A dictionary is also known as an "associative array". It's like a list, but the indices are not required to be contiguous ints -- the indices can be of any type
A dictionary maps key --> value Each key can appear at most once (the keys are a set)
Here are two examples which map each animal (str) to their age (int):
ages: dict[str, int] = {'elephant': 12, 'cat': 10}
print(ages) # {'elephant': 12, 'cat': 10}
also_ages: dict[str, int] = dict([('elephant', 12), ('cat', 10)])
print(also_ages) # {'elephant': 12, 'cat': 10} (same as before)
Some dictionary syntax
We can access a value given its key in two different ways: brackets ([key]) or using the get(key) method. The get(key) has the added benefit that it handles the case if the key is not in the dict.
ages: dict[str, int] = {'elephant': 12, 'cat': 10}
print(ages['cat']) # 10
print(ages.get('cat')) # 10
print(ages.get('dog')) # None
print(ages.get('dog'), 3) # 3
print(ages['dog']) # raises KeyError
We can add or update a key -> value pair. If we add the same key twice, it overwrites the original value with the second value.

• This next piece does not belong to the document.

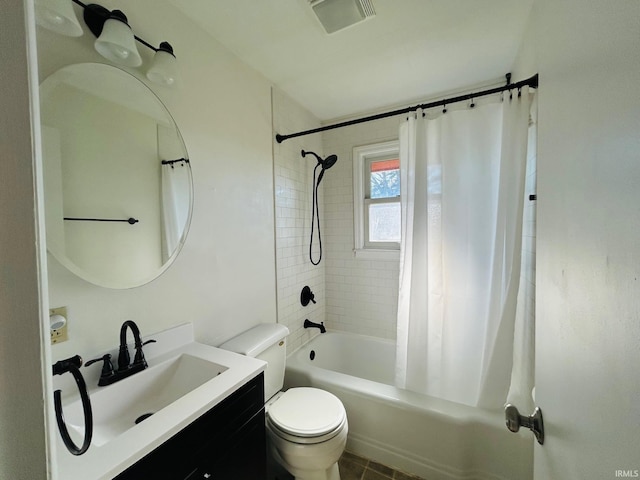 bathroom featuring visible vents, shower / bath combo, toilet, and vanity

ages: dict[str, int] = {'cat': 10}
ages['elephant'] = 12
print(ages) # {'cat': 10, 'elephant': 12}
ages.update([('elephant', 13)])
print(ages) # {'cat': 10, 'elephant': 13}
ages['elephant'] = 14
print(ages) # {'cat': 10, 'elephant': 14}
ages.update([('dog', 3)])
print(ages) # {'cat': 10, 'elephant': 14, 'dog': 3}
We can iterate over a dict in two ways: over its keys, or over its key-value pairs:
ages: dict[str, int] = {'cat': 10, 'elephant': 14, 'dog': 3}
for key in ages:
print(f"{key}'s age is {ages.get(key)}")
for key, value in ages.items():
print(f"{key}'s age is {value}")
Exercise: Let's write a function that takes a str and returns a dictionary that maps from each unique word in the str to the number of times it appears.
def word_counter(text: str) -> dict[str, int]:
word_counts: dict[str, int] = dict()
for word in text.split():
word_counts[word] = word_counts.get(word, 0) + 1
return word_counts
print(word_counter('hello hi hi hello howdy hi')) # {'hello': 2, 'hi': 3, 'howdy': 1}
Exercise: Let's write a function that helps us with Scrabble.
- A very common situation: We are playing Scrabble. We see we have 3 'O's. What can we do?
- The plan: get a map that gives us options based on a letter
- Let's write a function that takes a letter as a parameter and returns a dictionary where:
- The keys are all possible frequencies of that letter (except zero)
- The values are the sets of words in the dictionary with that many of that letter
- Here's a list of english words if you need one (the official Scrabble list is harder to get as a text file)
def scrabble_helper(letter: str) -> dict[int, set[str]]:
result: dict[int, set[str]] = dict()
with open('/path/to/dictionary.txt', 'r', encoding='utf-8') as english_dict:
for word in english_dict.readlines():
if letter in word:
word = word.strip()
letter_count = word.count(letter)
if letter_count in result:
result[letter_count].add(word)
else:
result[letter_count] = {word}
return result
result: dict[int, set[str]] = scrabble_helper('r')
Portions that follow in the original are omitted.